A memorial service will be held in the Kenyan capital, Nairobi, today (9 April) to commemorate the 148 students killed by Al-Shabaab last week.
Kenyans are still in shock following the attack in the north-east of the country at Garissa University College on 2 April, where Christians were singled out and killed in the deadliest attack on Kenyan soil since the US Embassy bombings of 1998. (In Al-Shabaab’s September 2013 attack on Westgate Mall, the Nairobi shopping complex, 67 people were killed. There were also reports at that time that attackers asked whether victims were Christian or Muslim, but these were unable to be verified.)

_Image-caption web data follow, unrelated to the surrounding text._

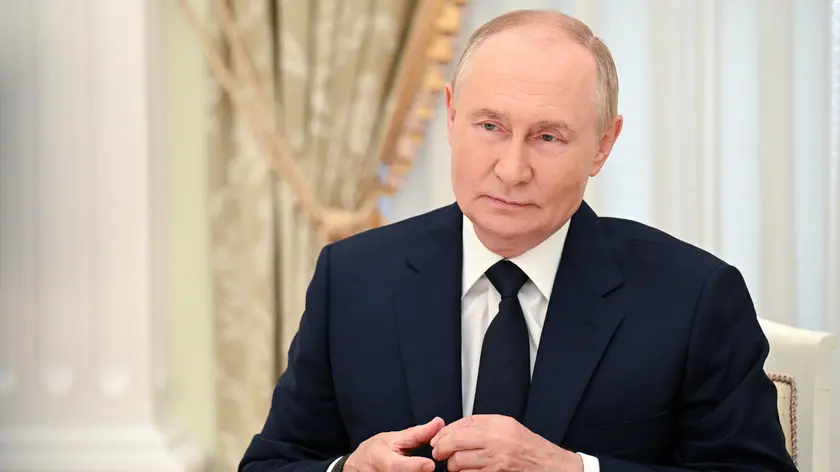 epa11557783 Russian President Vladimir Putin listens to Chinese Premier Li Qiang during their meeting at the Kremlin in Moscow, Russia, 21 August 2024. EPA/ALEXEI FILLIPOV / SPUTNIK / KREMLIN POOL MANDATORY CREDIT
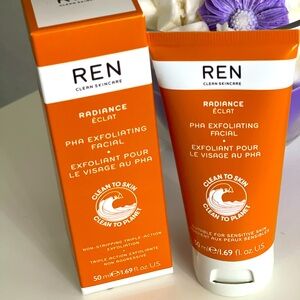REN Clean Skincare Radiance Eclat PHA Exfoliating Facial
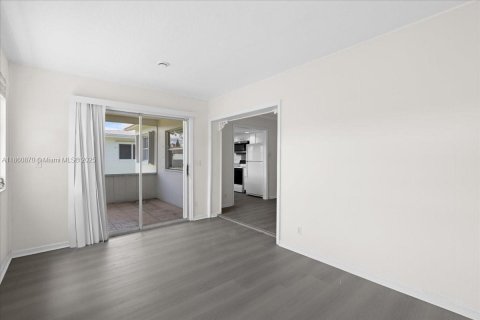 Villa ou maison à vendre à Margate, Floride: 2 chambres, 130.06 m2 № 1957407 - photo 21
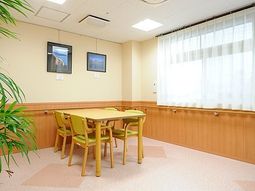 明るい休憩室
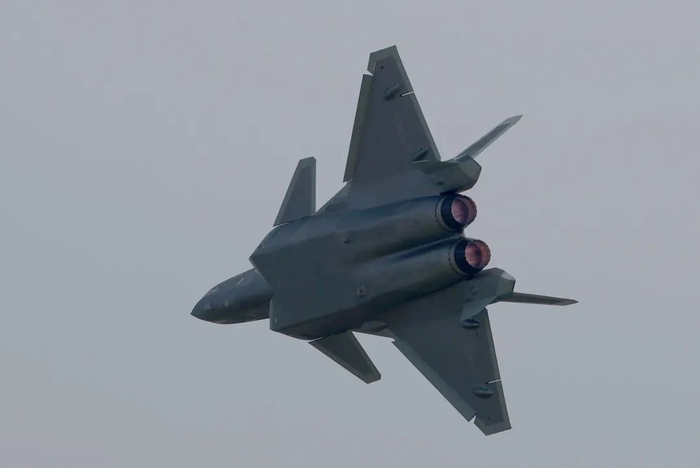 图为28日进行飞行表演的歼-20，从照片中可以看到明显发动机喷口的锯齿状。崔萌摄 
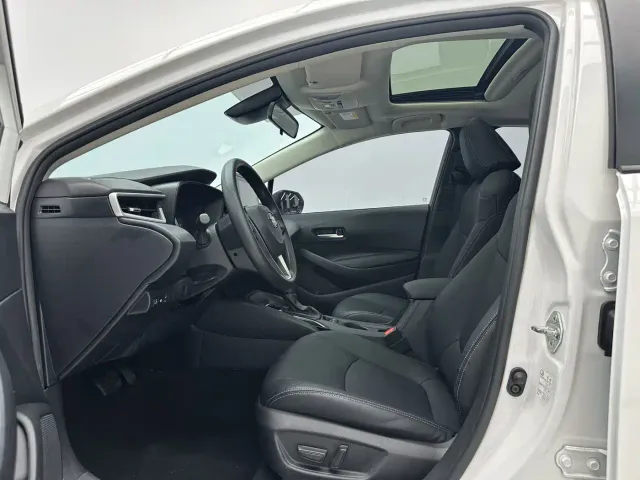 Toyota Corolla — Фото автомобиля 5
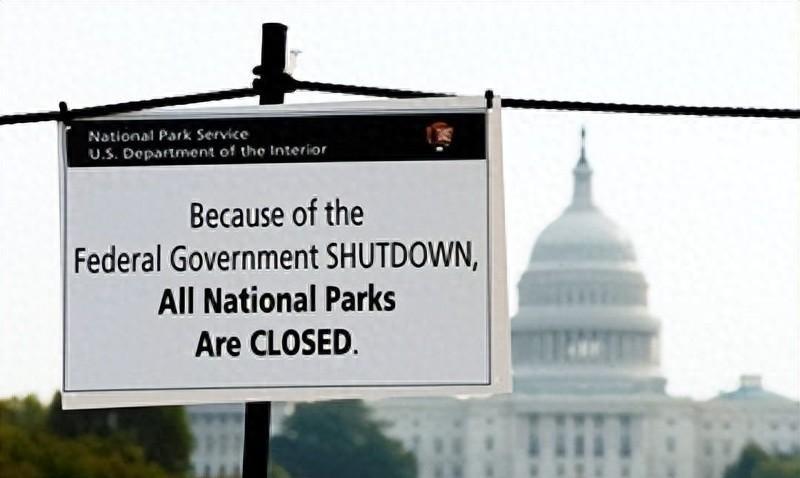 美国联邦政府停摆已经到了第40天，两党预算之争所造成的政治瘫痪正在变成一场全国性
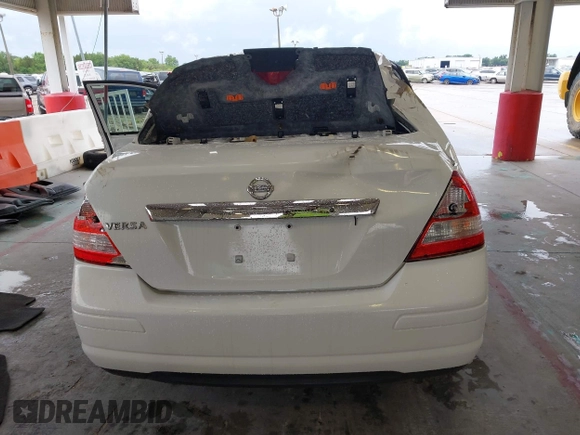 2010 Nissan Versa S с VIN 3N1BC1AP8AL391813, выставлен на аукционе IAAI как лот 42224883 с пробегом 103 839 миль миль и . История ставок и продаж доступна на DreamBid. Изображение 17.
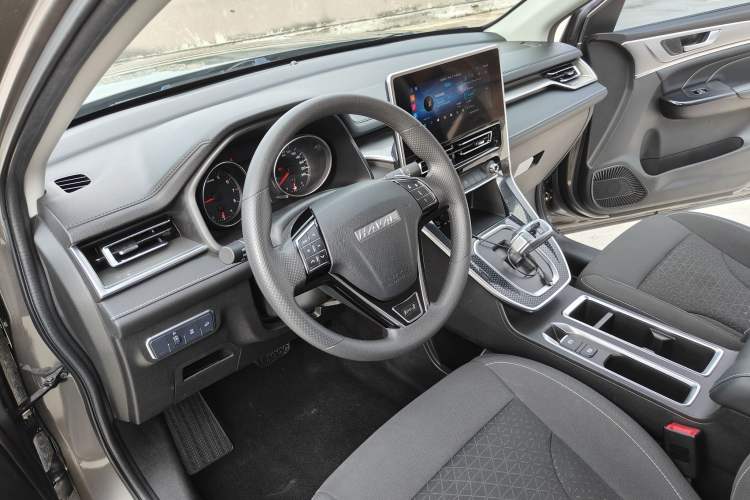 Used Haval M6 2021 PLUS 1.5T DCT Elite Smart Connectivity Model Interior 2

Many of the families of the dead students had to travel to Nairobi and are still there, undergoing the distressing task of identifying the often badly disfigured bodies of loved ones, brought down from the north-east.
The identification of bodies has not proved straightforward due to the severe wounds sustained by victims of grenade explosions and the difficulty of preserving the bodies in the heat.
The father of one of the victims said he had been unable to identify the body of his son after three days of searching at the Chiromo Mortuary.
“I cannot find words,” added the dead student’s uncle. “We are speechless. For now we just want to find his body. But looking through the bodies to find any mark that would identify him is almost too painful … This is torture. May God help us find him!”
The college had about 800 students, of whom more than 500 were non-Muslims.
Around 200-250 students attended meetings of the Christian Union, which bring students together for worship, study of the Bible and leadership development.
“I cannot find words … This is torture. May God help us find him!”
Uncle of student
FOCUS Kenya, an organisation that works with students in 144 Christian Unions across the country, including the one at Garissa University College, is offering food, transport and accommodation to traumatised relatives.
George Ogalo, National Director of FOCUS Kenya, told World Watch Monitor that despite Al-Shabaab’s previous attacks, Kenyans didn’t expect one specifically targeting students.
“This is the first time we’ve had an attack that targets students in a university,” he said. “There was no anticipation from the general populace that this would happen in that setting. So there is anger and shock because this is the generation that is the future of the country. It was their prime time.”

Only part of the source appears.